Various philosophers make claims about what physics can and cannot do, but
then it is their business--following a long tradition, at least--to make more or
less direct claims about everything. But whatever they may think they are doing,
we can be sure that they are not doing physics when they make their claims, for
just consider the kinds of clarifications, definitions and arguments they use in
their discussions and see if a single one of them shows up in any systematic
presentation of what physicists themselves regard as specific to their own
field. And if they are doing physics, why aren't physicists--at least some
physicists--doing the same thing.
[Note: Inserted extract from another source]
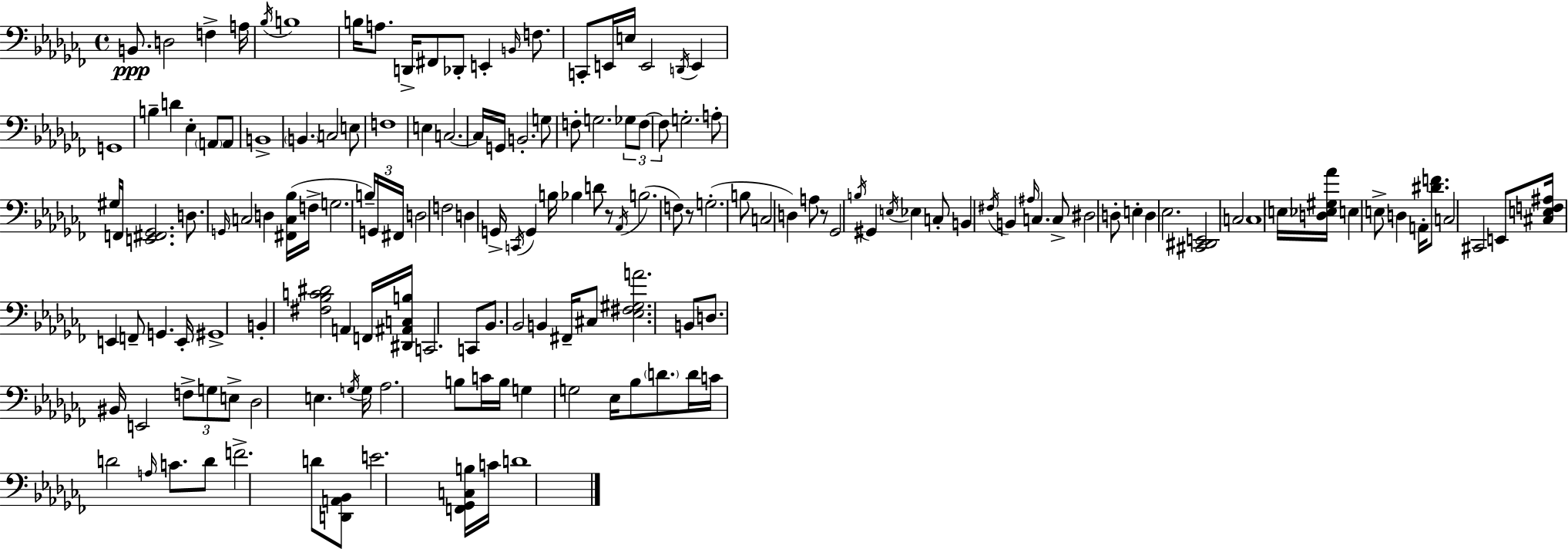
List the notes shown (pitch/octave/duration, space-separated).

B2/e. D3/h F3/q A3/s Bb3/s B3/w B3/s A3/e. D2/s F#2/e Db2/e E2/q B2/s F3/e. C2/e E2/s E3/s E2/h D2/s E2/q G2/w B3/q D4/q Eb3/q A2/e A2/e B2/w B2/q. C3/h E3/e F3/w E3/q C3/h. C3/s G2/s B2/h. G3/e F3/e G3/h. Gb3/e F3/e F3/e G3/h. A3/e G#3/s F2/s [E2,F#2,Gb2]/h. D3/e. G2/s C3/h D3/q [F#2,C3,Bb3]/s F3/s G3/h. B3/s G2/s F#2/s D3/h F3/h D3/q G2/s C2/s G2/q B3/s Bb3/q D4/e R/e Ab2/s B3/h. F3/e R/e G3/h. B3/e C3/h D3/q A3/e R/e Gb2/h B3/s G#2/q E3/s Eb3/q C3/e B2/q F#3/s B2/q A#3/s C3/q. C3/e D#3/h D3/e E3/q D3/q Eb3/h. [C#2,D#2,E2]/h C3/h C3/w E3/s [D3,Eb3,G#3,Ab4]/s E3/q E3/e D3/q A2/s [D#4,F4]/e. C3/h C#2/h E2/e [C#3,E3,F3,A#3]/s E2/q F2/e G2/q. E2/s G#2/w B2/q [F#3,Bb3,C4,D#4]/h A2/q F2/s [D#2,A#2,C3,B3]/s C2/h. C2/e Bb2/e. Bb2/h B2/q F#2/s C#3/e [Eb3,F#3,G#3,A4]/h. B2/e D3/e. BIS2/s E2/h F3/e G3/e E3/e Db3/h E3/q. G3/s G3/s Ab3/h. B3/e C4/s B3/s G3/q G3/h Eb3/s Bb3/e D4/e. D4/s C4/s D4/h A3/s C4/e. D4/e F4/h. D4/e [D2,A2,Bb2]/e E4/h. [F2,Gb2,C3,B3]/s C4/s D4/w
Well, no doubt they will come up with an
explanation of their behavior.
David Lewis, a well known advocate of the existence of a huge number of
worlds that are only possible, advocates THE THESIS OF THE EXPLANATORY ADEQUACY
OF PHYSICS. This, he says reassuringly, is "the plausible hypothesis that
there is some unified body of scientific theories, of the sort we now accept,
which together provide a true and exhaustive account of all physical phenomena
(i.e. all phenomena describable in physical terms). (See his "An Argument
for the Identity Theory" in Jour. of Philosophy, 1966, p. 17) By
"describable in physical terms" he certainly means to include what we
ordinarily call mental phenomena, for that is to point of this and other papers
of his. I am not sure that he allows there to be any phenomena which is not in
some extended sense "describable in physical terms." But if we just
stick to the ones involving some element of the mental, one wonders how he could
hold THE EXPLANATORY ADEQUACY OF PHYSICS to be plausible when there exists so
many things, events, facts, distinctions, relations, etc. for which there not
only is no explanation to be drawn from physics, but not even the beginnings of
an idea of how such an explanation would be begun. For example, a single human
action, the great events of history, artistic creativity with all of its
products, and, not least, science itself. Try utilizing principles of physics to
deduce or explain Kepler's discovery of the laws of planetary motion, for
example, or Gödel's discovery of the incompleteness of arithmetic.